Burma: Liberalisation to conceal repression?

Burma, also known as Myanmar, held its first elections in 20 years in November 2010, and the new ‘civilian’ government took office in March 2011. However, as many international observers have reported, the elections were fraudulent and undemocratic. A quarter of the seats on Parliament are reserved for the military, and a military-backed party controls 80% of the rest. According to reports, the government continues to imprison political opponents,  use convicts as human shields for the military, violently repress ethnic minorities, silence critics through censorship of the press, and limit access to information through surveillance of the internet, among other claims. The result is absolute military rule wearing the mask of democracy; a mask that the government thinks it can continue to wear as long as it controls the press and the internet.

According to reports, the government routinely suspends independent newspapers for publishing politically-tinged articles. Twenty-three journalists are in prison and have allegedly been tortured for information on their colleagues. Police raid the internet cafes and in May, the government sent new regulations to internet cafes which ban the use of USB drives, hard disks, CDs, and internet telephony programs like Skype. This is in addition to previous regulations that require internet cafes to keep clients’ personal data and information about their internet activities. The 1996 Electronics Act, which covers the Internet, TV and radio and is routinely used to imprison reporters, also bans the private use of modems without a permit. These actions seem to suggest that the government intends to keep the Burmese people in the dark about potential threats to its legitimacy, including the civil war with Burma’s ethnic armed groups.

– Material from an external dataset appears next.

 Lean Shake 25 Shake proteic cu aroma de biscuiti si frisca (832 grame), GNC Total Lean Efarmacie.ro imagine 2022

However, Burma has been warnedand is nervous – that continued repression could lead to Arab Spring-style uprisings. As an attempt to appease international observers and the Burmese independent press, in June the government unveiled a new censorship policy that allows 178 journals and magazines to publish their content without prior government approval. Publications are now divided into two groups – Group 1 contains journals and magazines covering topics such as art, sports, and children’s literature, whereas Group 2 covers news, economics, crime, and religion. Group 1 publications are only censored subsequent to publication, but if government censors object to the content, they receive a ‘warning.’ Four warnings and they receive a fine. According to many Burmese editors, very little has changed, because journalists for Group 1 publications merely practice self-censorship now, knowing their publications will be fined if their articles are deemed objectionable. Group 2 publications continue to be censored prior to publication.  And the status quo is maintained.

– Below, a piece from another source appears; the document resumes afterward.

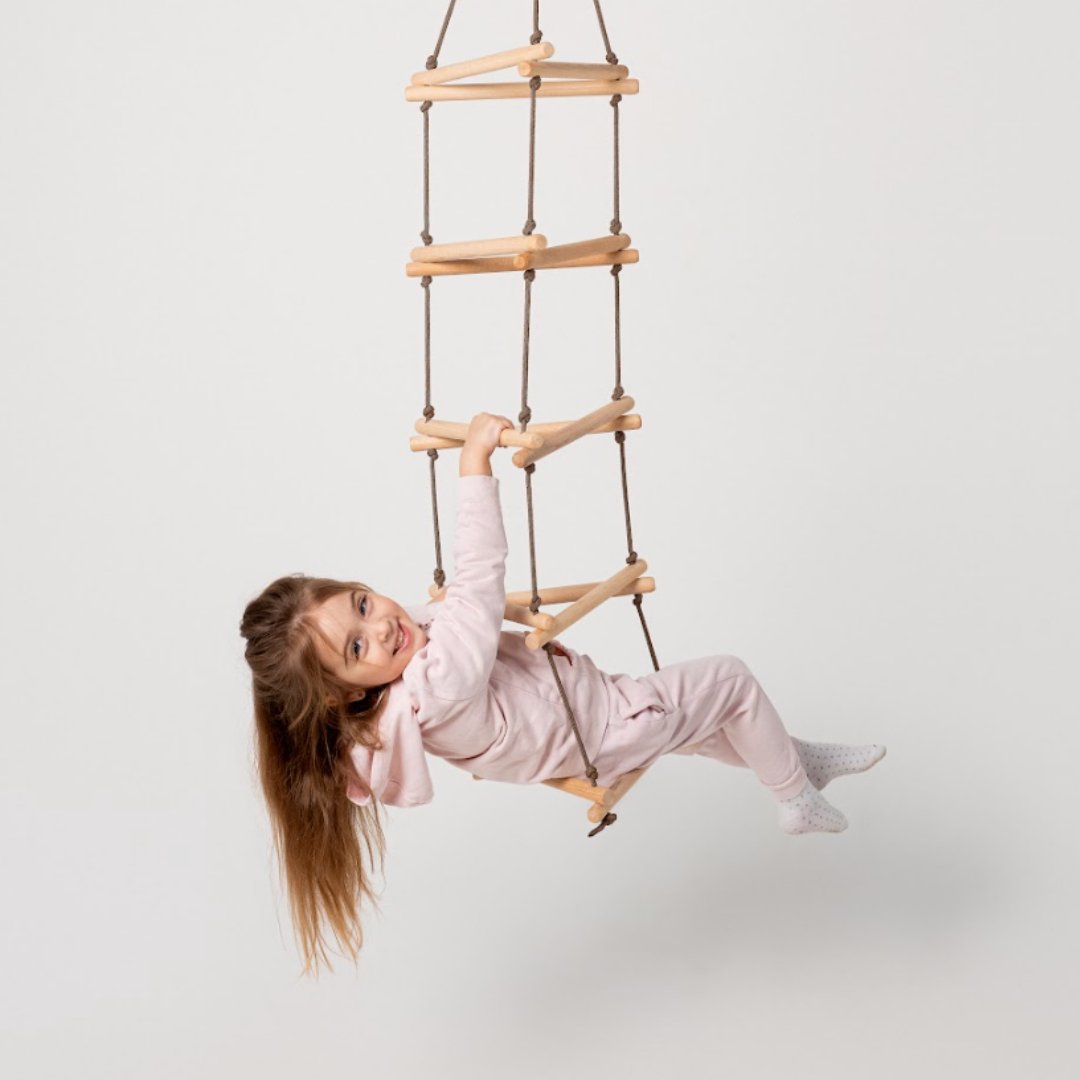 Triangle rope ladder for kids-5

The Burmese government clearly feels pressure to liberalise. But incremental changes – many of which, like the new press rules, have little effect – are not sufficient to counteract the overwhelming evidence that grave violations of human rights and humanitarian law still exist in Burma. The international community must therefore continue to build support for the creation of a United Nations Commission of Inquiry into these crimes, and hold the Burmese government accountable.